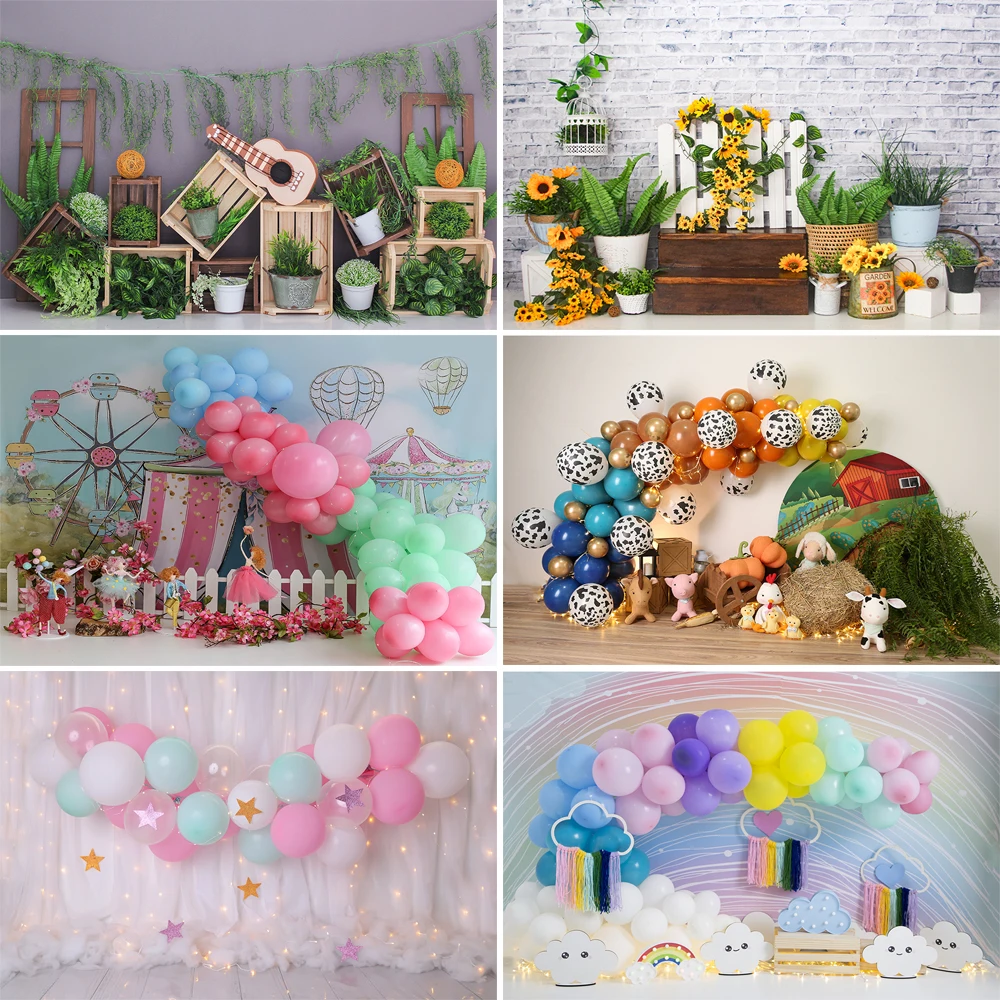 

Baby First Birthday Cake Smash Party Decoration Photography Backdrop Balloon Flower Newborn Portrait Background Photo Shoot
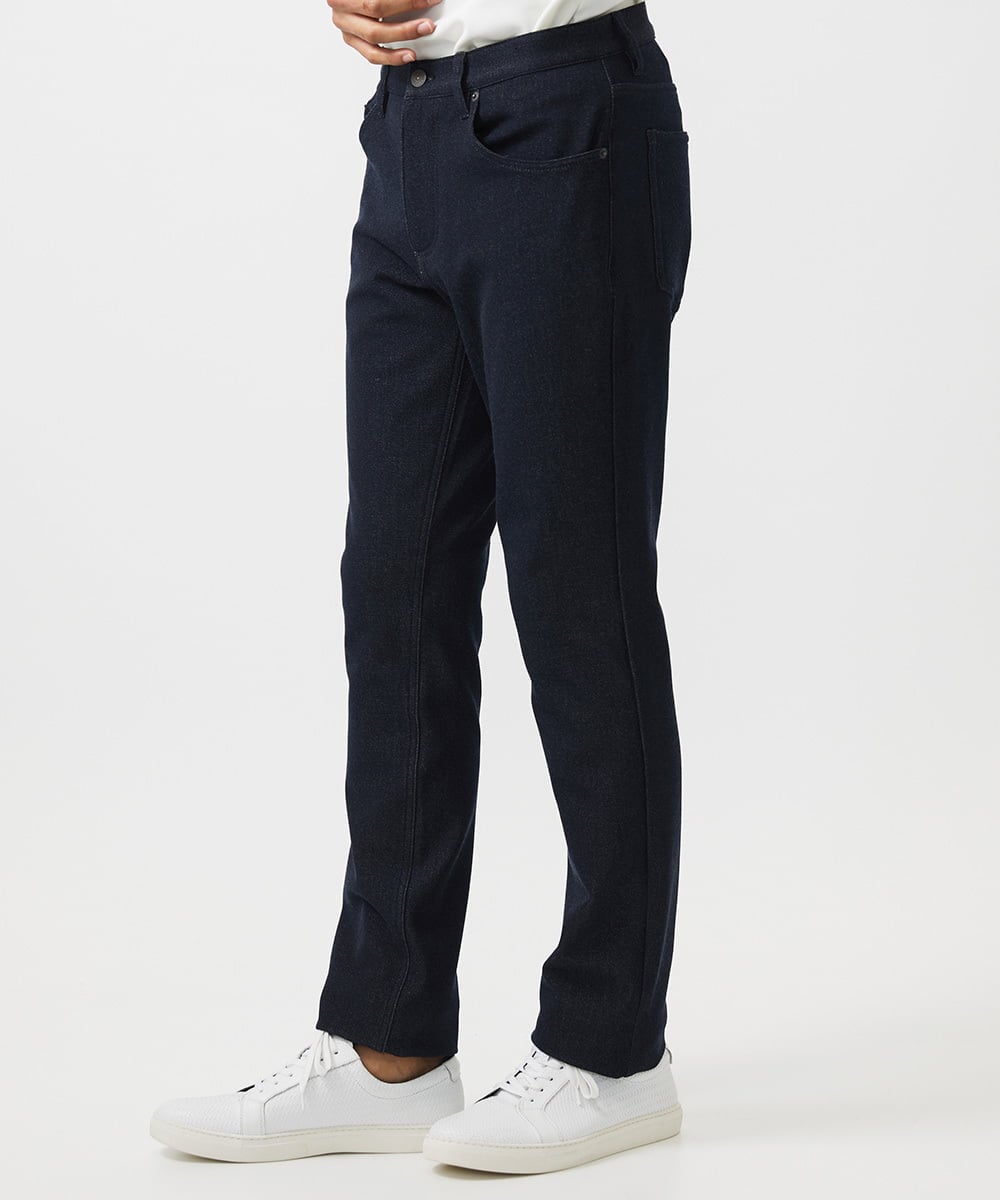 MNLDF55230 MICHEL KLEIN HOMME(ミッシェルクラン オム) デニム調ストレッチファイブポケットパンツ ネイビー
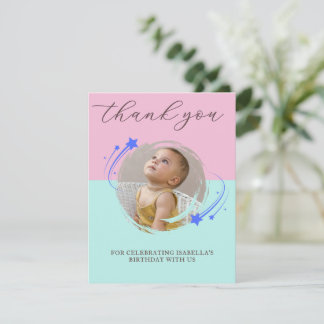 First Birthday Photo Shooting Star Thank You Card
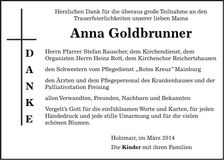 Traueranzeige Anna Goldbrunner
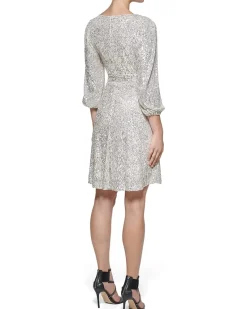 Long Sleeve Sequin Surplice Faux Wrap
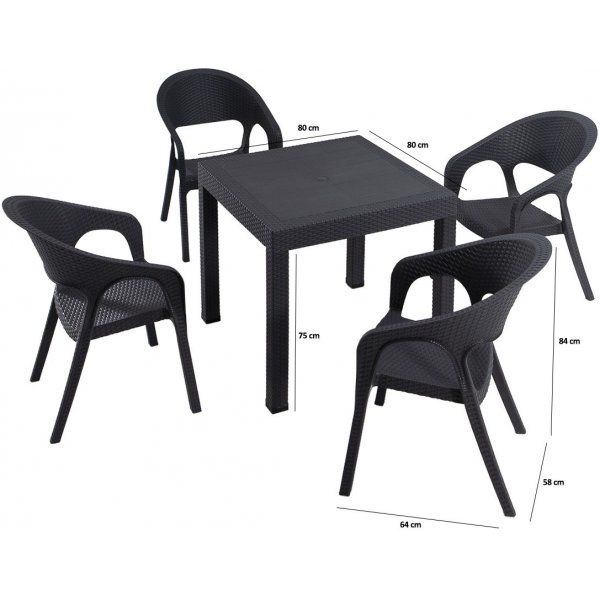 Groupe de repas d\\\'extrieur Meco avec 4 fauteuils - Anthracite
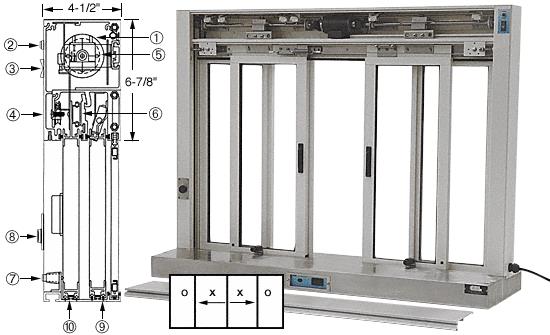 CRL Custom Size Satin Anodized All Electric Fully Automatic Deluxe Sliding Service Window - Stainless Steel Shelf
++++
→ **Exercise aim**
Only the lines from the one containing "First Birthday Photo" through the last line of the entries belong in the answer, given again exactly. Images stay out.

→ **Reply to the exercise**
 First Birthday Photo Shooting Star Thank You Card
 Traueranzeige Anna Goldbrunner
 Long Sleeve Sequin Surplice Faux Wrap
 Groupe de repas d\\\'extrieur Meco avec 4 fauteuils - Anthracite
 CRL Custom Size Satin Anodized All Electric Fully Automatic Deluxe Sliding Service Window - Stainless Steel Shelf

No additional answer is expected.